Mangus is a graduate student in bioengineering at the University of Kansas, working in tissue engineering. She would like to have a career in research and development for tissue engineering, and to help develop programs to help recruit and retain future women engineers. At K-State, she was selected for an internship through the Biomedical Engineering Summer Internship Program. She worked at the National Institutes of Health and studied how varying tumor tissue stiffness affects the outcome of radiofrequency ablation, a liver cancer treatment. She also conducted research through the College of Engineering honors program with Stacy Hutchinson, K-State associate professor of biological and agricultural engineering. She studied the feasibility of using poplar trees as a biofuel source. Mangus is a member of Tau Beta Pi national engineering honor society. At K-State, she was a member of the Smurthwaite Leadership/Scholarship House, a member and former treasurer of Engineers in Medicine and Biology Society, and was a mathematics tutor. She also was involved with the Women in Engineering and Science Program outreach activities. She received the Fort Riley Combined Scholarship, Military Benefits Association Scholarship and K-State Engineering Scholarship. She also received second place in the National K.K. Barnes Student Technical Writing Competition and third place in the K-State Technical Writing Competition. She has received the USAA National Collegiate Engineering Award and the Gamma Sigma Delta Honor Society's Junior Honors Award of Merit. A 2004 graduate of Manhattan High School, she is the daughter of Terry and Claire Beck, Manhattan.
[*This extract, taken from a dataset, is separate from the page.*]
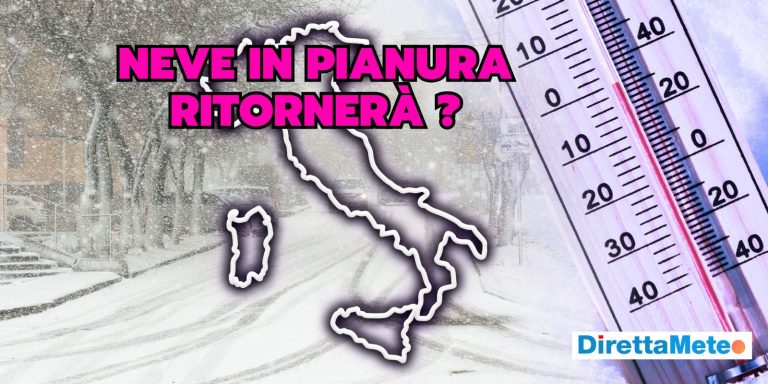 NEVE in pianura: l’evento meteo più atteso, quando ritornerà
Voigt has been conducting research with Stefan Bossman, K-State professor of chemistry. She is working with extraction and characterization of MspA, a bacterial membrane protein with anticancer potential. She plans to enter the chemical and biological engineering doctorate program at the University of Colorado-Boulder. She is interested in tissue engineering, targeted drug delivery systems and other biomedical engineering. She is a College of Engineering Ambassador and a member of the American Institute of Chemical Engineers. She is the recording secretary of Tau Beta Pi national engineering honor society and the president of Mentors for International Experiences. She also was a member of the K-State Chem-E-Car design team that placed first regionally and sixth nationally. She has received the Tau Beta Pi National Scholar award and the Dean's Outstanding Merit Fellowship, a pre-graduate award at the University of Colorado-Boulder. She also has received a Putnam Scholarship. A 2006 graduate of Smoky Valley High School, she is the daughter of Richard and Mary Voigt, McPherson.